TASK MATERIAL —
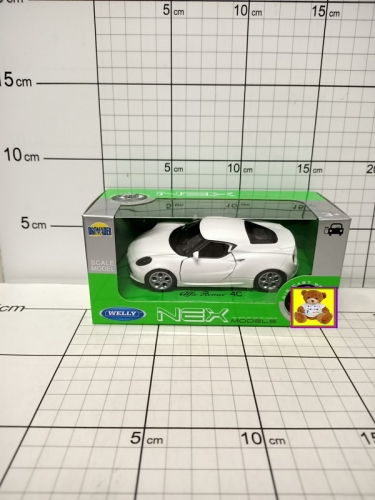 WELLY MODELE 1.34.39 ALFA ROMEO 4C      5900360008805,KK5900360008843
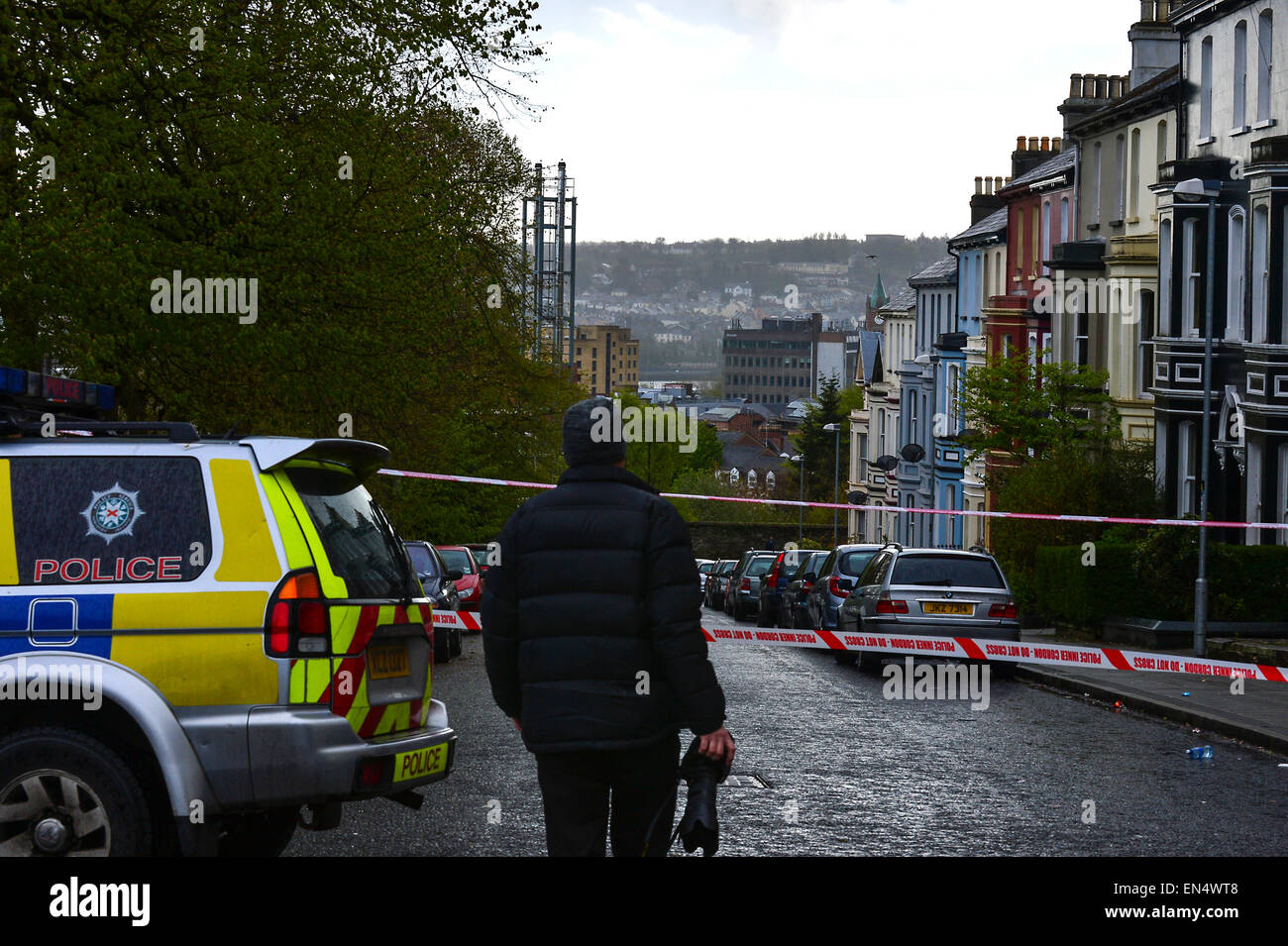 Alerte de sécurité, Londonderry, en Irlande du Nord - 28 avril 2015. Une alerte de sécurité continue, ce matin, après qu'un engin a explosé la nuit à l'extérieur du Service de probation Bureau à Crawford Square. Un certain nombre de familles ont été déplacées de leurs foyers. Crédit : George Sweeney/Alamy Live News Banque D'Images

...

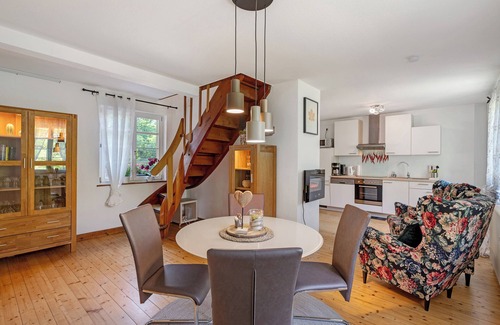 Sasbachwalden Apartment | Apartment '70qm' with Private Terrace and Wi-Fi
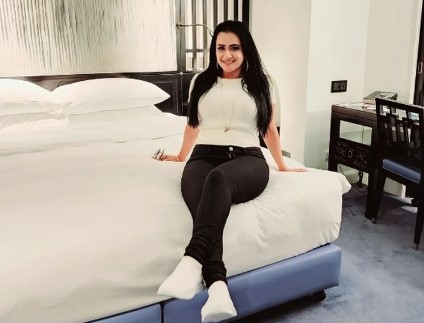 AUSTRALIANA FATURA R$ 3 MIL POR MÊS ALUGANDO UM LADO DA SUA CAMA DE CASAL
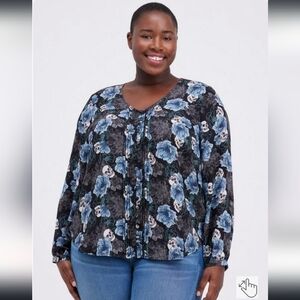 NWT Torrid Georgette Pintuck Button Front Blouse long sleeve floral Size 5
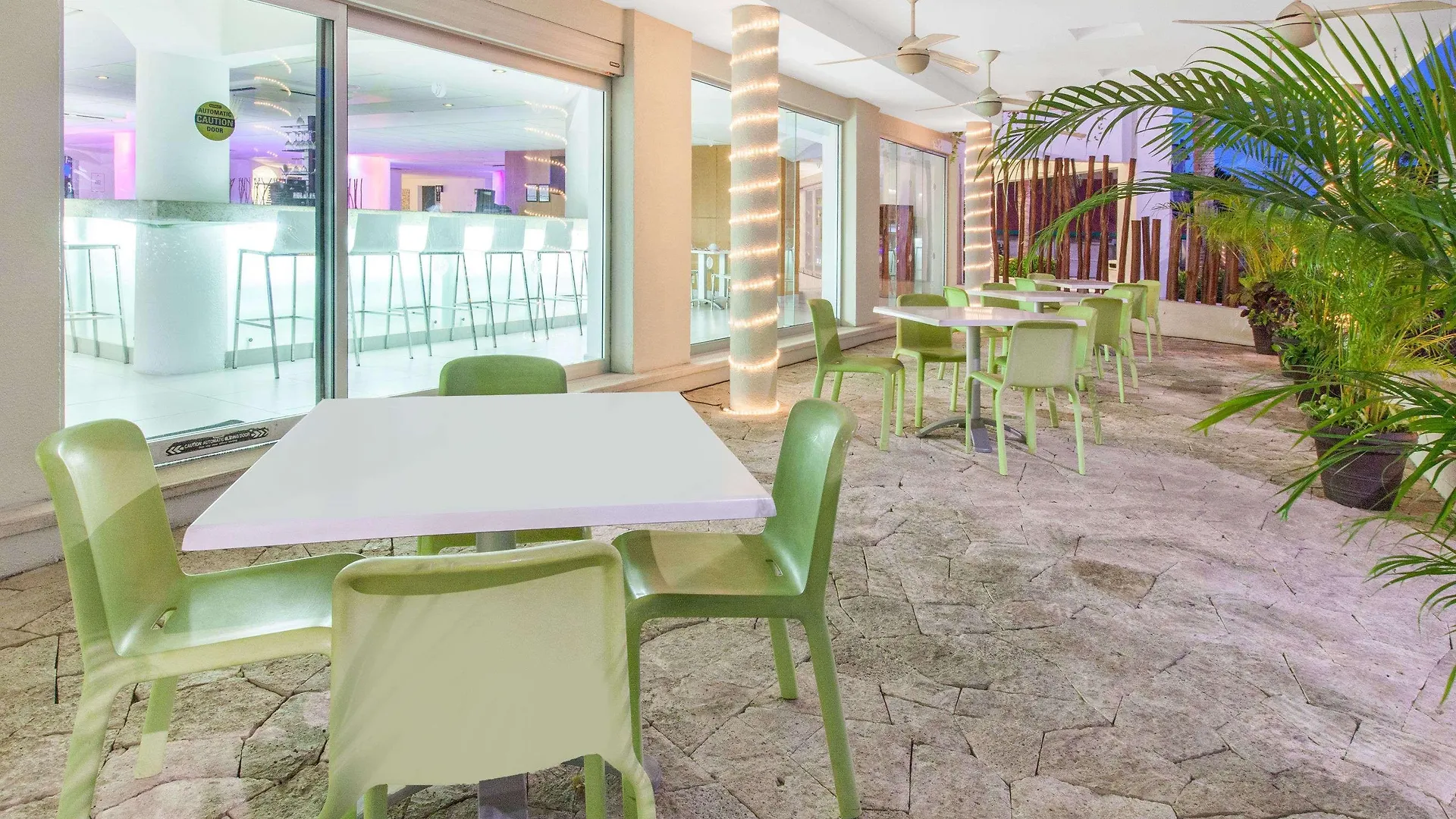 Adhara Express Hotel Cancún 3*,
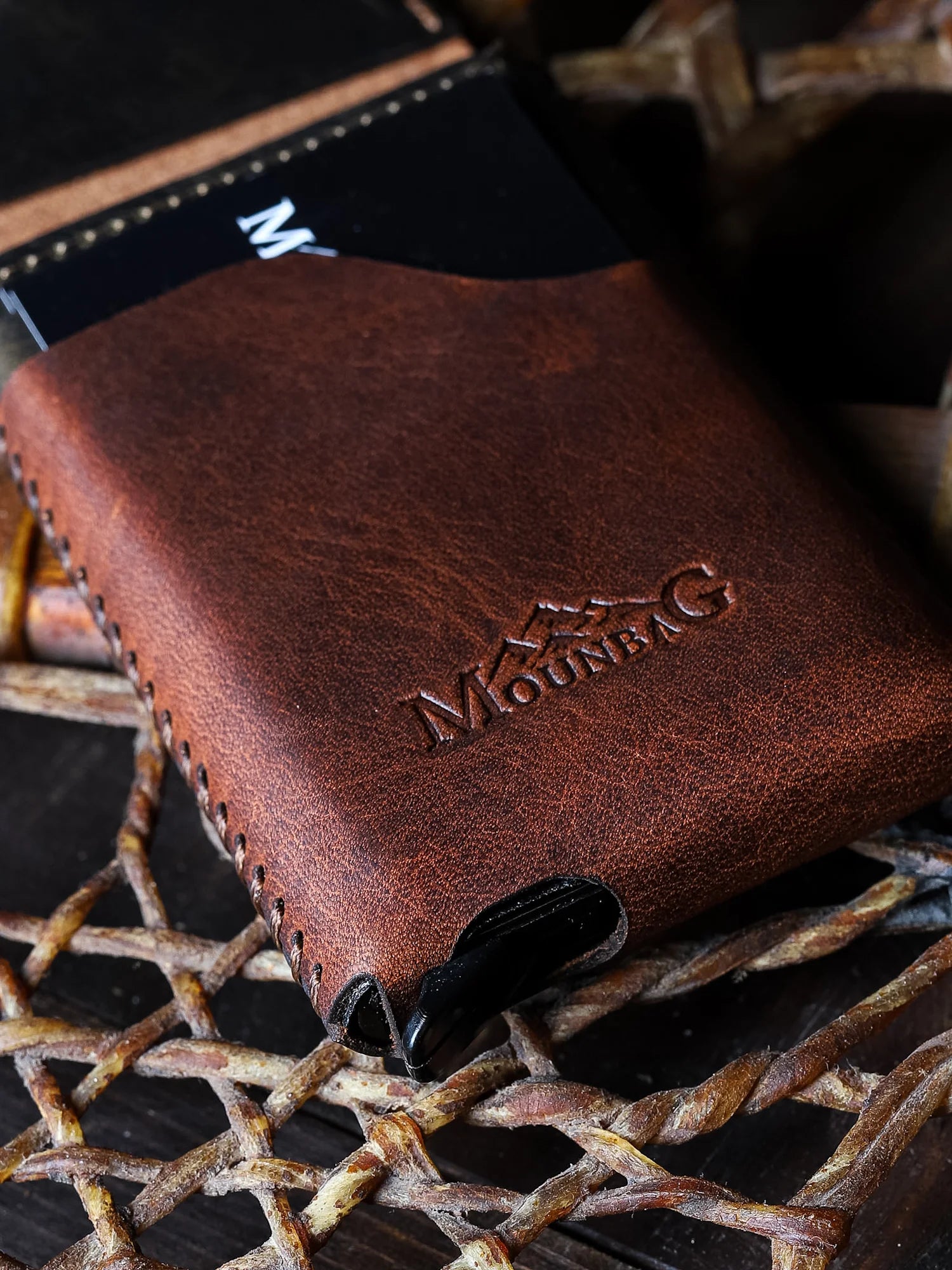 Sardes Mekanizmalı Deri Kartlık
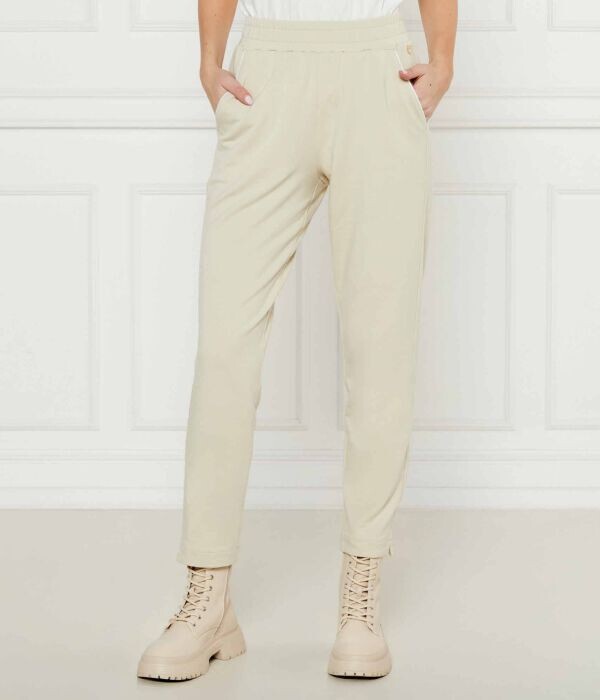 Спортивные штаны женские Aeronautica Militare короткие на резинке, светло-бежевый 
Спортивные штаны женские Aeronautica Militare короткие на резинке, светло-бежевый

--

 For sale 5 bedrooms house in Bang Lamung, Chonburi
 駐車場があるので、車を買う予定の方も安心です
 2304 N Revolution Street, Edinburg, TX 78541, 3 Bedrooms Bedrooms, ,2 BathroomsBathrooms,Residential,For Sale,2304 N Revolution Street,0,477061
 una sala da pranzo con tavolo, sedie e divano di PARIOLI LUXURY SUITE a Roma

PROBLEM REQUIREMENTS — Of all the entries above, output exactly the lines between the one holding "For sale 5 bedrooms" and the one holding "una sala da", inclusive.

SOLUTION BELOW —
 For sale 5 bedrooms house in Bang Lamung, Chonburi
 駐車場があるので、車を買う予定の方も安心です
 2304 N Revolution Street, Edinburg, TX 78541, 3 Bedrooms Bedrooms, ,2 BathroomsBathrooms,Residential,For Sale,2304 N Revolution Street,0,477061
 una sala da pranzo con tavolo, sedie e divano di PARIOLI LUXURY SUITE a Roma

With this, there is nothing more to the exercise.